Nie było to trudne, bowiem Wielka Brytania, skupiona bardziej na rozwoju
imperium i przemysłu, niż na sztuce, w dużej mierze przespała muzyczny XIX
wiek. Nawet ranga muzyków i kompozytorów była na Wyspach znacznie niższa na
Kontynencie. Ostatnie dekady XIX wieku były w zasadzie przebudzeniem rodzimej
twórczości, tak potwornie zaniedbanej po wielkich dokonaniach epoki renesansu i wczesnego baroku. Był wprawdzie po drodze Haendel, lecz on wielu swoim współczesnym
jawił się jako pretensjonalny intruz, któremu przeciwstawiano złośliwie
ludowe balladki. Tym niemniej przed czasami Elgara najwspanialszymi utworami
rodzimymi, jakich można było posłuchać w Albionie, były wznawiane bez końca
oratoria Haendla. Poza tym zapraszano wielkich kompozytorów z kontynentu, wśród
których ceniono zwłaszcza Haydna i Mendelsohna i nawet po ich śmierci pielęgnowano
ich twórczość mocniej, niż na zmiennym i niedbałym Kontynencie.
Nic
zatem dziwnego, iż największy brytyjski kompozytor przełomu wieków, Edward
Elgar, był upartym romantykiem aż do śmierci w 1934. Mimo zachowawczości języka
trudno mu jednakże odmówić geniuszu i wielkości, wciąż niedocenianych na
Kontynencie. W czasie powstania większości materiału „Mszy Życia" kończył
Elgar swoje największe może arcydzieło — oratorium „Sen Gerontiusa".

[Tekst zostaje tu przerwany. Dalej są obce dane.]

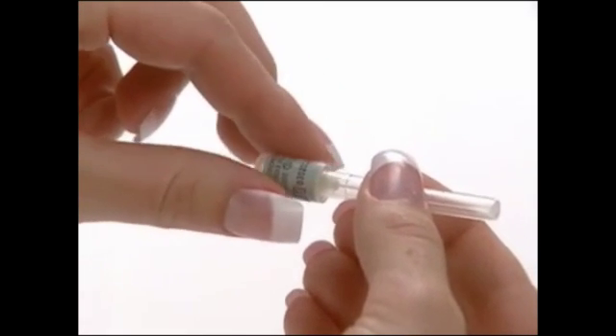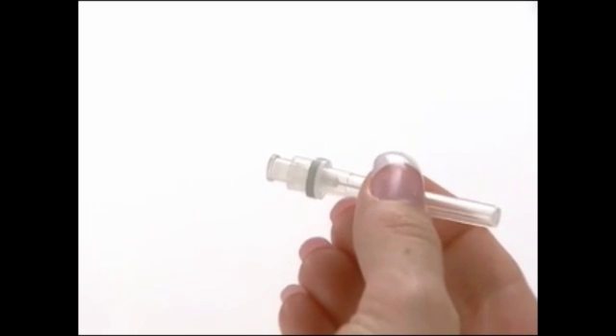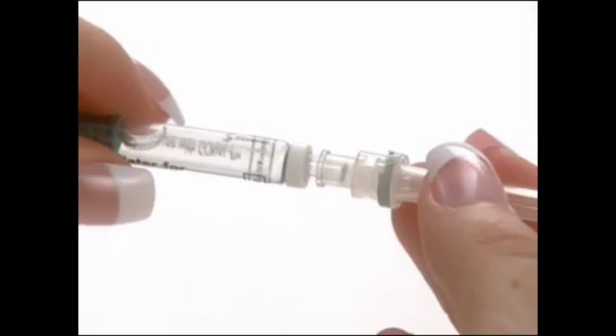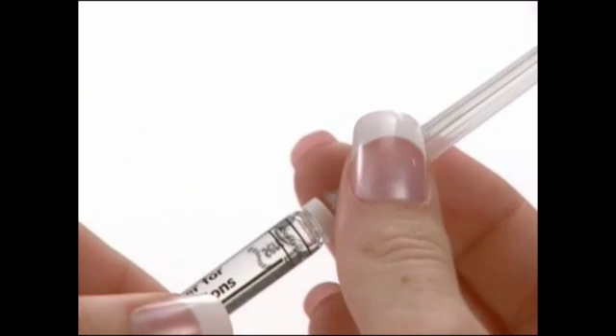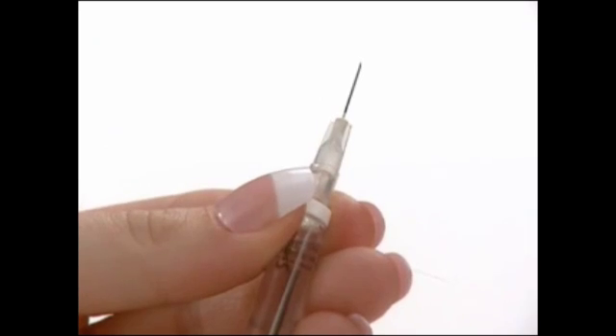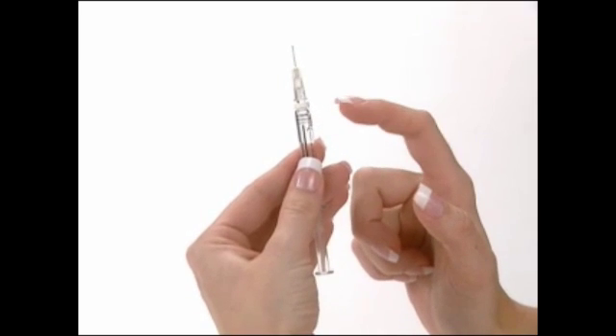Remove the safety seal cover from the 27 gauge, ½ inch gray needle. Push the needle onto the pre-filled syringe until it is tightened, being careful to keep the protective cap in place. Holding the hub or base of the needle, secure the needle on the tip of the pre-filled syringe and carefully remove the needle cap.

Wystawiono je w roku 1900 w Birmingham. Natchnionej, wspaniałej muzyce
towarzyszy w nim rozmodlony do czerwoności i kiczowaty tekst mówiący o podróży
świeżego nieboszczyka do raju. O ile Delius w pośredni, awangardowy sposób
był dziedzicem Wagnera, o tyle Elgar należał do czystej krwi „brahminów",
czyli następców estetycznych Brahmsa, z całymi ich klasycyzującymi, tłustymi i nostalgicznymi, orkiestrowymi brązami i niechęcią do intuicyjnego podejścia
do kompozycji.
Jedynym
czystej krwi romantykiem, który wywarł wpływ na Deliusa był sławny Norweg -
Edward Grieg. To właśnie on
przekonał ojca Deliusa, aby ten zgodził się wesprzeć muzyczne aspiracje
syna. Wcześniej, czyli w 1884, Delius senior chciał uczynić niepokornego
potomka zarządcą rodzinnej plantacji pomarańczy na Florydzie. Przyniosło to
efekt odwrotny do zamierzonego — czyli kryzys owocowego biznesu i większe
jeszcze zamiłowanie Fredericka do natury, tym razem przepojonej słońcem i pachnącej kwiatami drzew pomarańczy.
We
„Mszy Życia" łatwo zauważymy zderzenie różnych stylów, płynących z przedstawionych powyżej źródeł. Nie należy się temu dziwić — w przeciwieństwie do wielu innych sztuk, muzyka narzuca swoim twórcom solidne,
inżynierskie przygotowanie. Aby tworzyć dźwiękowe mosty, nie można zaczynać
od zera — zasady kontrapunktu, harmonii, instrumentacji to całe wieki doświadczeń i odkryć muzycznych pokoleń. Obok wpływów na pierwszy rzut ucha słychać też w „Mszy Życia" trudną do opisania oryginalność Brytyjczyka. Faktura jego
dzieła jest znacznie lżejsza, bardziej świetlista od dzieł mu współczesnych,
zwłaszcza tych brytyjskich. Mamy też w niej wiele dróg wiodących daleko w krainę wyobraźni. Tworząc swoje arcydzieło, kompozytor już od dwóch lat
mieszkał w Grez — sur — Loing, przepięknej francuskiej miejscowości koło
Fontainebleau, gdzie spędzić miał resztę życia, podobnie jak inny zakochany w naturze i galijskich pejzażach Anglik — wielki malarz impresjonista, Alfred
Sisley.
„Msza
Życia" została nazwana mszą oczywiście metaforycznie — nie zawiera w sobie typowych dla cyklu mszalnego elementów — „Kyrie, Gloria, Credo,
Sanctus, Agnus Dei". Oparta w całości na tekście zaczerpniętym z „Also
sprach Zarathustra" Friedricha Nietzschego, dzieli się na 13 części. Msza,
podobnie jak dzieło jej protoplasty, filozofa, sławi człowieka przyszłości,
nie żyjącego dla zaświatów, lecz cieszącego się zmienną i zdrową potęgą
Natury. Ów człowiek jest dumny, energiczny, przepełniony radością i stroniący
od zachwycania się chrześcijańskim, zaświatowym samoumartwianiem się. Ów
nowy człowiek, w przeciwieństwie do człowieka wiary, nie jest niewolnikiem
swoich lęków, złudzeń i hipokryzji.
Podobnie jak Nietzsche, Delius wzywa w swoim dziele do istnienia tu i teraz, oraz do afirmacji roztańczonego „ja".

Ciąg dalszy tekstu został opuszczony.